--- Data extracts Enclosed Below ---

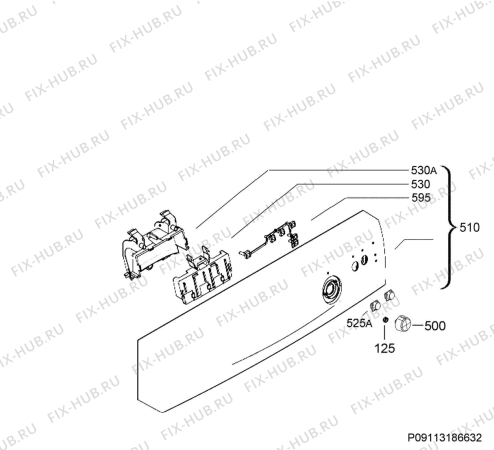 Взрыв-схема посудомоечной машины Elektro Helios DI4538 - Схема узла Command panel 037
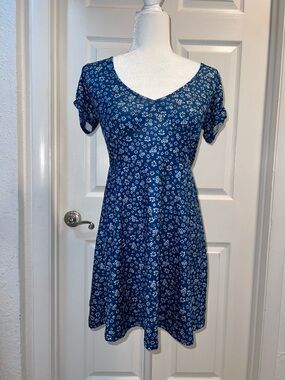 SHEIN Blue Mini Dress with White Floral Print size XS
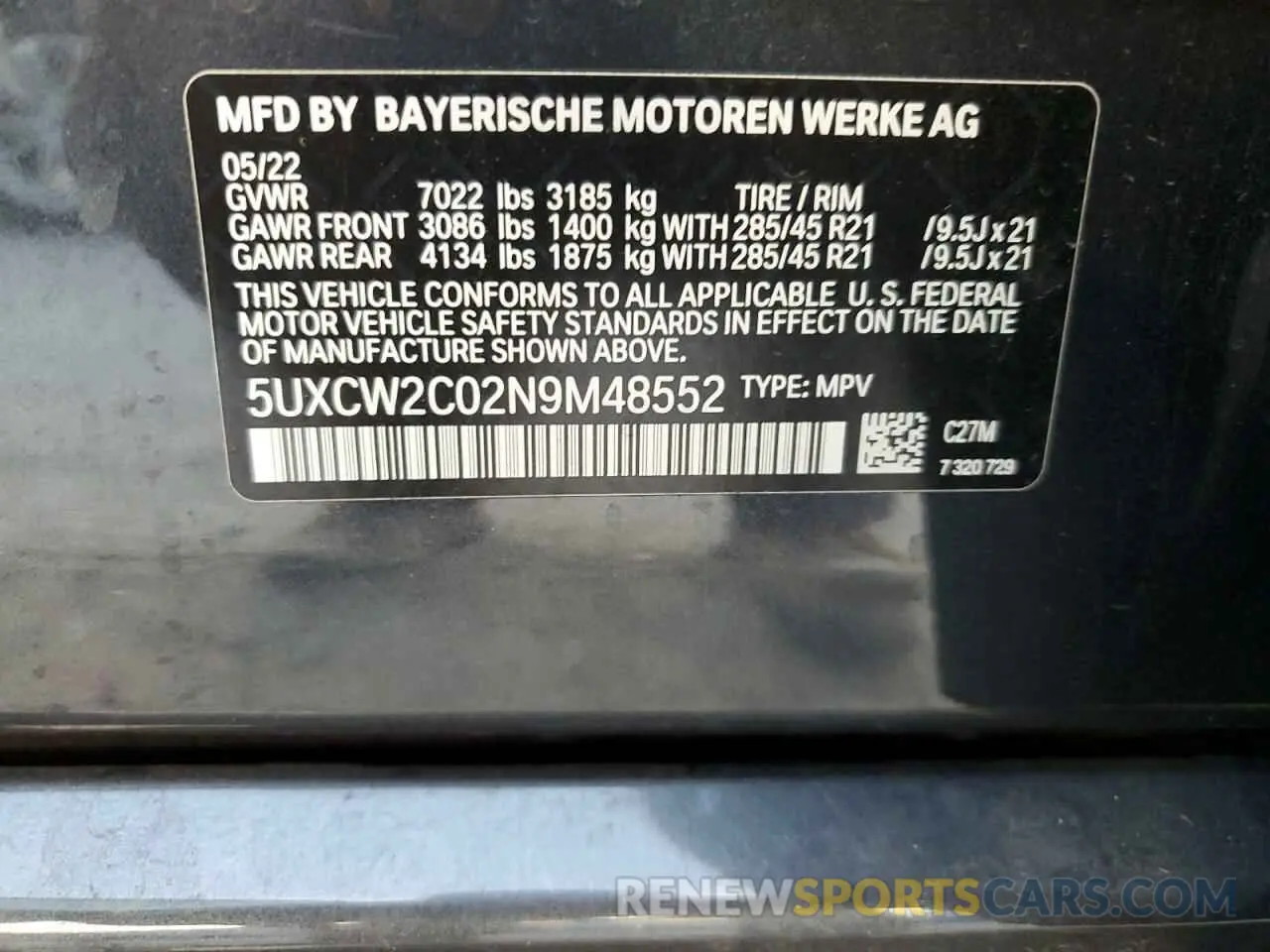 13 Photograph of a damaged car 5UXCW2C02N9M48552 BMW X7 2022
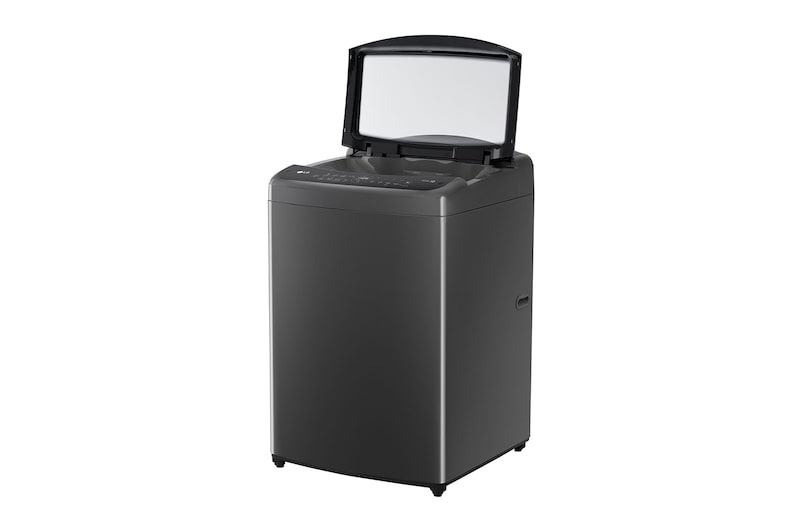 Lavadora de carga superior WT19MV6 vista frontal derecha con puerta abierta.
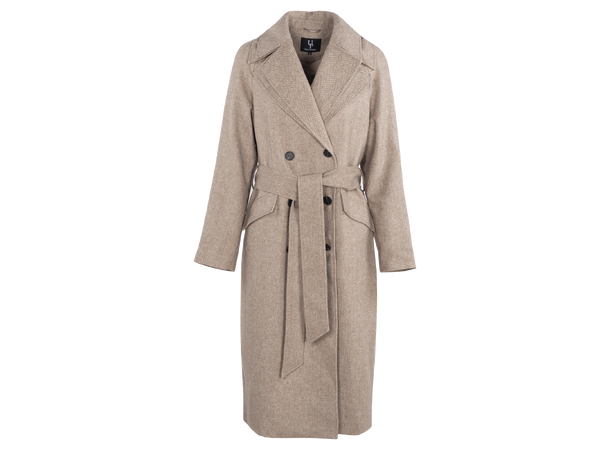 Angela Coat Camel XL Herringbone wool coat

--- End of Enclosed Data extracts ---

→ **The task**: Restate word for word, please, the line containing "Lavadora de carga" and all lines after it through the end of the material; the pictures do not belong in the copy.

→ **Result**:
 Lavadora de carga superior WT19MV6 vista frontal derecha con puerta abierta.
 Angela Coat Camel XL Herringbone wool coat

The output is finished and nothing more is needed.